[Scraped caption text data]

----

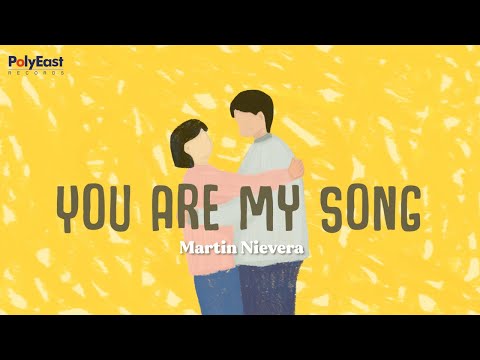 Martin Nievera - You Are My Song - (Official Lyric Video)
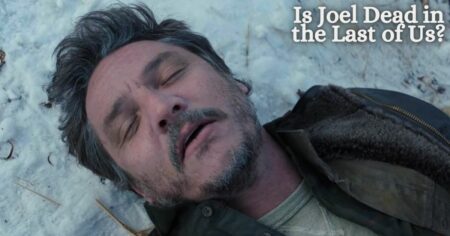 Is Joel Dead in the Last of Us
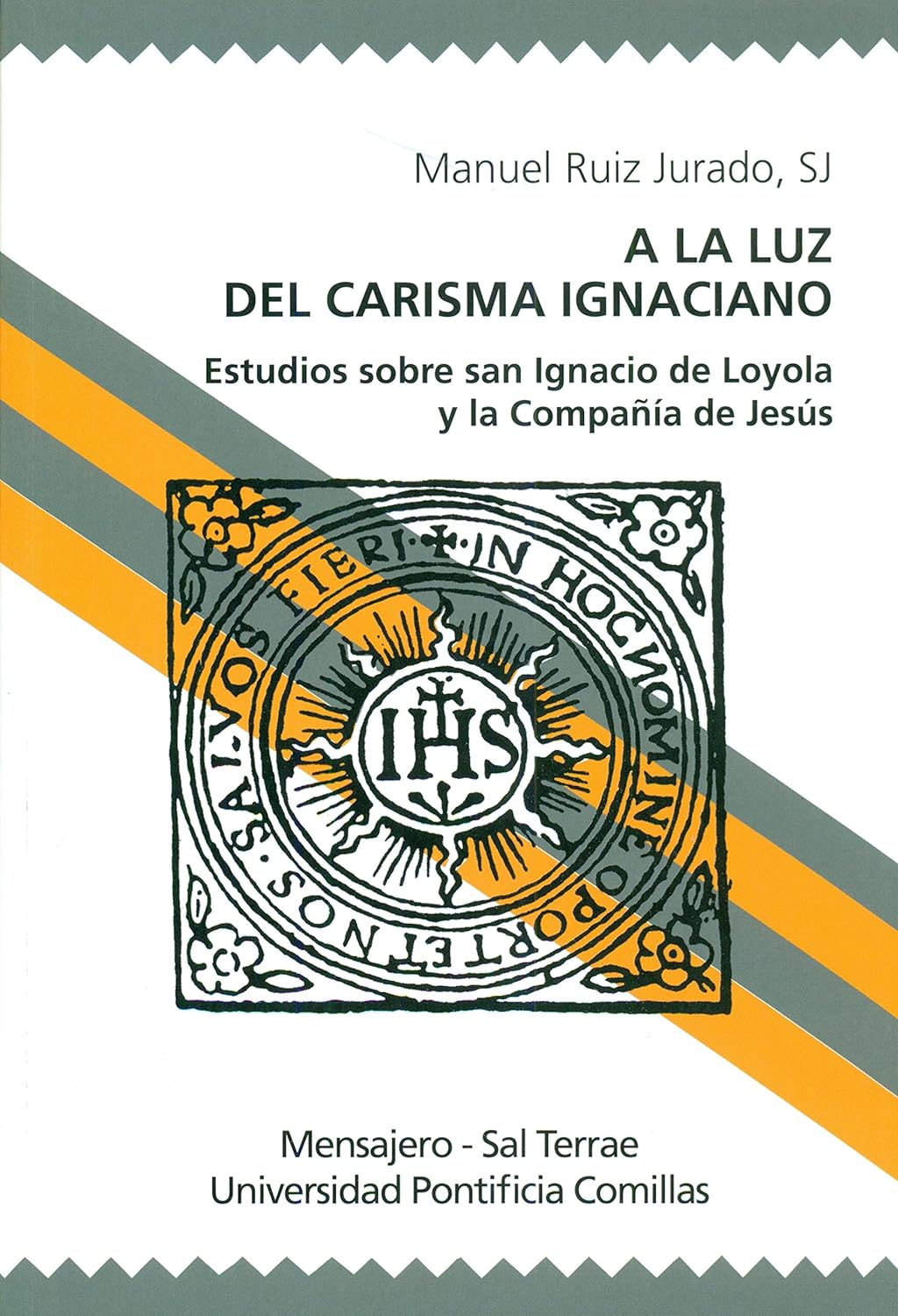 A LA LUZ DEL CARISMA IGNACIANO. ESTUDIOS SOBRE SAN IGNACIO DE LOYOLA...1347171721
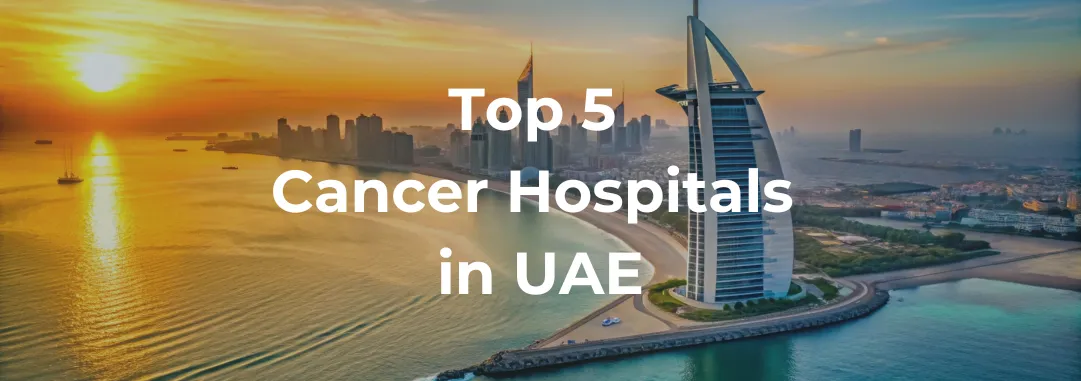 5 Best Cancer Hospitals in UAE 2026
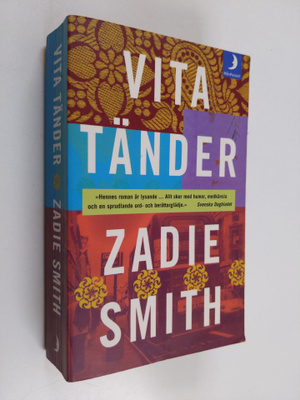 Zadie Smith : Vita tänder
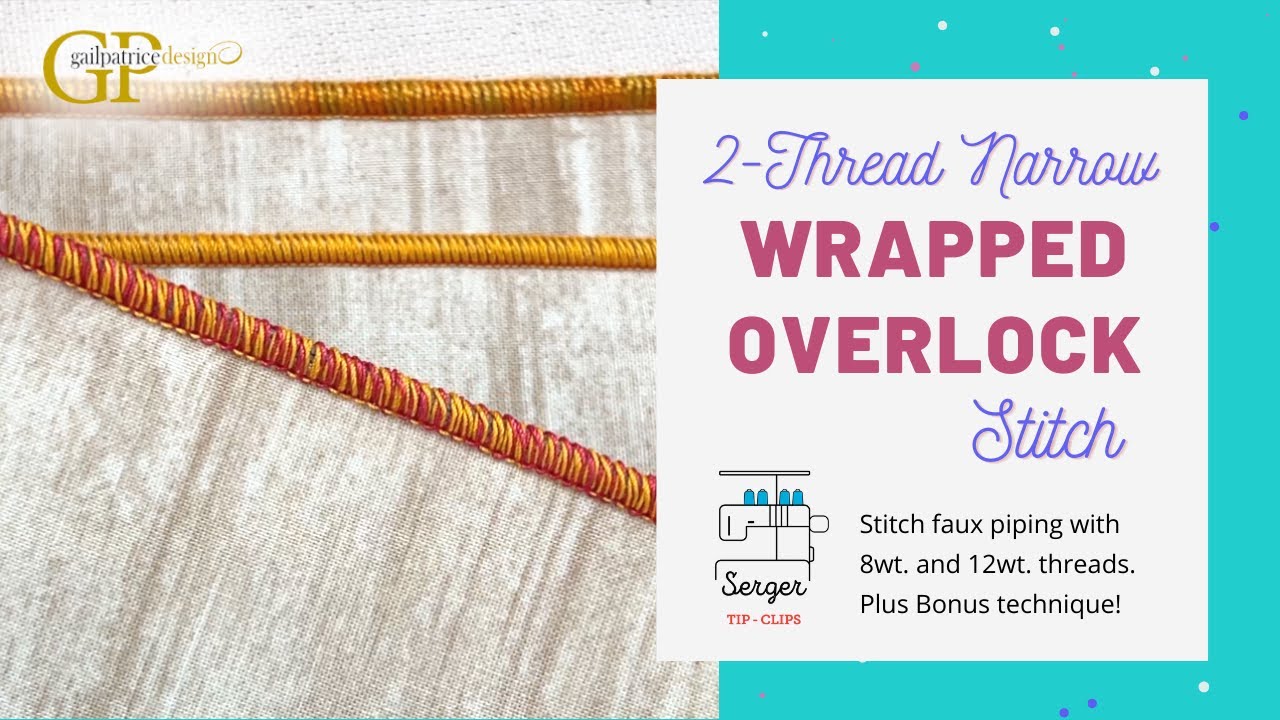 2-Thread Narrow Wrapped #Overlock #Serger #Stitch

----

- _Work to complete_
Give again exactly the lines from the one holding "5 Best Cancer Hospitals in UAE 2026" to the final line of the records, both ends included, and nothing more. Pictures do not belong in the copy.

- _Solution to the problem_
 5 Best Cancer Hospitals in UAE 2026
 Zadie Smith : Vita tänder
 2-Thread Narrow Wrapped #Overlock #Serger #Stitch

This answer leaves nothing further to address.